If a line in the entries below contains the word "system", it counts; report how many such lines there are, and only that number.

## Data shown
▼▼▼

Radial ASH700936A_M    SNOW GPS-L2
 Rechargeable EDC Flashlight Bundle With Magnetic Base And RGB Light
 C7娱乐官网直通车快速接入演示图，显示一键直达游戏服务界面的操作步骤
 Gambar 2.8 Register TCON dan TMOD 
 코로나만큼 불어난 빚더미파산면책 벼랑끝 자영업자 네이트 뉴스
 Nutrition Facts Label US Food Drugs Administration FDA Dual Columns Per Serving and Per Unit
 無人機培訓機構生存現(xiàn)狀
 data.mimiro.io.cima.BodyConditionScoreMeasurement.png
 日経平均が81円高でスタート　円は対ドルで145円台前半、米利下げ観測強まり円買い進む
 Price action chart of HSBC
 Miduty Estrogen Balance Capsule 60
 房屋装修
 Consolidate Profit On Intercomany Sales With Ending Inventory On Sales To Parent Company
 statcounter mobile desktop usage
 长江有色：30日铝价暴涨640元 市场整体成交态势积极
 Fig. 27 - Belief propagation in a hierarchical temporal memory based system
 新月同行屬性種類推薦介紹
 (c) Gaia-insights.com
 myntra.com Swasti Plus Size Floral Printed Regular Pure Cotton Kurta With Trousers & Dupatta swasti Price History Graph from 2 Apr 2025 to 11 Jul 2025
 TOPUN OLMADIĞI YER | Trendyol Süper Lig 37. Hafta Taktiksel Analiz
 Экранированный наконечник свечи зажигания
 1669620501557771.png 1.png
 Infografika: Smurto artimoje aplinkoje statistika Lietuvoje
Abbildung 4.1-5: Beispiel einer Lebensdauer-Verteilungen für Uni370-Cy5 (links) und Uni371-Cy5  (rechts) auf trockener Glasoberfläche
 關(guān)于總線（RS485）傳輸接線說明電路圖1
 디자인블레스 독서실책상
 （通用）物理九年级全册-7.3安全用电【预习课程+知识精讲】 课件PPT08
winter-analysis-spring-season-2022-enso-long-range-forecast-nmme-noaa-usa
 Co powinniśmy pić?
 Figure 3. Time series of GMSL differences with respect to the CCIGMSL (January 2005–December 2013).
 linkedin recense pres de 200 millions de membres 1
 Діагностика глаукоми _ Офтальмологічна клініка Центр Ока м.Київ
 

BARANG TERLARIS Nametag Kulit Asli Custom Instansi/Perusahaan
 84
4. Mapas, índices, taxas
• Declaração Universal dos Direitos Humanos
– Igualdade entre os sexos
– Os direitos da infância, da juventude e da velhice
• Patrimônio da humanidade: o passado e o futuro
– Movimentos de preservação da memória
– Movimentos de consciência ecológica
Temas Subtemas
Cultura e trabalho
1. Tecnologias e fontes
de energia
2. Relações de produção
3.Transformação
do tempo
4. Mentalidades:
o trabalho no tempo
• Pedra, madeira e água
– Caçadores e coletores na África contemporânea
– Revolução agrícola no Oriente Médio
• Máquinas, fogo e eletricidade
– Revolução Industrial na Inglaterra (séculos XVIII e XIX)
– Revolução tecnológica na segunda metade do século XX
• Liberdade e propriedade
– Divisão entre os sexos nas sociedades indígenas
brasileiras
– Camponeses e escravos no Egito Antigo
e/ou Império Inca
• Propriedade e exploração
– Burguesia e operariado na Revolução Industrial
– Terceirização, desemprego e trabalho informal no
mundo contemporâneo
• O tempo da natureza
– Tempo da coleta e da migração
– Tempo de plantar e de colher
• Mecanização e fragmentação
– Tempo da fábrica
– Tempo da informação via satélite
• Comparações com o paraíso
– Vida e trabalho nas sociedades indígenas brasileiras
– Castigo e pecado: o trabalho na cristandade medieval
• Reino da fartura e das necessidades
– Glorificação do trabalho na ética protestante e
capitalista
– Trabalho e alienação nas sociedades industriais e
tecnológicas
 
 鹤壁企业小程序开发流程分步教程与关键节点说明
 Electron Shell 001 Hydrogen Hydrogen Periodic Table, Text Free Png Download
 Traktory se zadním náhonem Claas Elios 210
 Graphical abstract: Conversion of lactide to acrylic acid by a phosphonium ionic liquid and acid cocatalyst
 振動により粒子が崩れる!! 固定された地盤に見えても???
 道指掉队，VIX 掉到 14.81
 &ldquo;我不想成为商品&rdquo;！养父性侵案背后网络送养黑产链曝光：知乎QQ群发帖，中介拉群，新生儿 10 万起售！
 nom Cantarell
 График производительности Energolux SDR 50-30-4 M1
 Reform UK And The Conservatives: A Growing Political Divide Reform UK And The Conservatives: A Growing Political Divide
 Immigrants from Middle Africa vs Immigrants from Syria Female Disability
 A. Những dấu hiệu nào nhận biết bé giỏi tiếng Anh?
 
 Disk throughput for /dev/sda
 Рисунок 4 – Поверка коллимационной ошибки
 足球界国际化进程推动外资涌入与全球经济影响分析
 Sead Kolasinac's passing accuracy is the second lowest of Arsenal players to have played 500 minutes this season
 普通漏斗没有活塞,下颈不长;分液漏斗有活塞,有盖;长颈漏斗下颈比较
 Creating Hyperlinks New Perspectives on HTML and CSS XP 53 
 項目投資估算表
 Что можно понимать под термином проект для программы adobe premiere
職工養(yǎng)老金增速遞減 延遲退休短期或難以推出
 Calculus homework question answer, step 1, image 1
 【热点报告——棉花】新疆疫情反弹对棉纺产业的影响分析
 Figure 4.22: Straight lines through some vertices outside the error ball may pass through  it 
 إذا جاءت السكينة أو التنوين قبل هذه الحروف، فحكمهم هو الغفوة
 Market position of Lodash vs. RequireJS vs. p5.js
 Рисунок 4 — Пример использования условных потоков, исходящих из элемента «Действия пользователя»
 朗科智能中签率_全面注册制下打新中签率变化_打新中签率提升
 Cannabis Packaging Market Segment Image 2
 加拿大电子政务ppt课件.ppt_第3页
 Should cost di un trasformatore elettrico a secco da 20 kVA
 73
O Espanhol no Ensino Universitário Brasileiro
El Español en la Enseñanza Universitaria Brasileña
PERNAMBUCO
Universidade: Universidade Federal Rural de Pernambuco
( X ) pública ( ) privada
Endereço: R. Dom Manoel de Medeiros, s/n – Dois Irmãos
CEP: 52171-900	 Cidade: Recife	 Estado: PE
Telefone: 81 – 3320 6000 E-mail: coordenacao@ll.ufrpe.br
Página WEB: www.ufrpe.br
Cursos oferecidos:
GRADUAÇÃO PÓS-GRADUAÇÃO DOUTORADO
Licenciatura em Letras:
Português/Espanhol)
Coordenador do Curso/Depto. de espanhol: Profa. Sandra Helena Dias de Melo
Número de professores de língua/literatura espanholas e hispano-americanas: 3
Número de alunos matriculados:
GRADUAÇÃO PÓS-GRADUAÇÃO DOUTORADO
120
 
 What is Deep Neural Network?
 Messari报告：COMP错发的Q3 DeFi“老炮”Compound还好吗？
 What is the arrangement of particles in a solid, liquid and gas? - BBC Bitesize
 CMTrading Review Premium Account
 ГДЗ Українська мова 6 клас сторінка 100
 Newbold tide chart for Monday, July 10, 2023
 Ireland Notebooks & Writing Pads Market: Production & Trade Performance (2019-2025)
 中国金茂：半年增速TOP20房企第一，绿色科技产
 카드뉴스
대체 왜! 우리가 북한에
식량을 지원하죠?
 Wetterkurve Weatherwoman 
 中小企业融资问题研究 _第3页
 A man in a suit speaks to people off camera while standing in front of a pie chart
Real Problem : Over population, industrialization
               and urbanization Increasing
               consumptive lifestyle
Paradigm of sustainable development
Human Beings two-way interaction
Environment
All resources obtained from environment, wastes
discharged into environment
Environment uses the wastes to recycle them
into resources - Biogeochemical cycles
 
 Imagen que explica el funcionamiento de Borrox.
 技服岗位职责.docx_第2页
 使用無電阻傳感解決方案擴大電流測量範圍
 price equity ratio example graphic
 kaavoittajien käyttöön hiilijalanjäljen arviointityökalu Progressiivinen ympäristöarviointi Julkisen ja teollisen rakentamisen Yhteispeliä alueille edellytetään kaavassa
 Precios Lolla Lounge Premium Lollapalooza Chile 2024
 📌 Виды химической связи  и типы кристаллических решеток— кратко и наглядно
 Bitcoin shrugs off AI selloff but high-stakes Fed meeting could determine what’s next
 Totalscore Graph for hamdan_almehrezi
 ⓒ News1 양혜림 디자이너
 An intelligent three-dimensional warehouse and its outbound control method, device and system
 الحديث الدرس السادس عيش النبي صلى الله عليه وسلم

▲▲▲

## Exercise result
2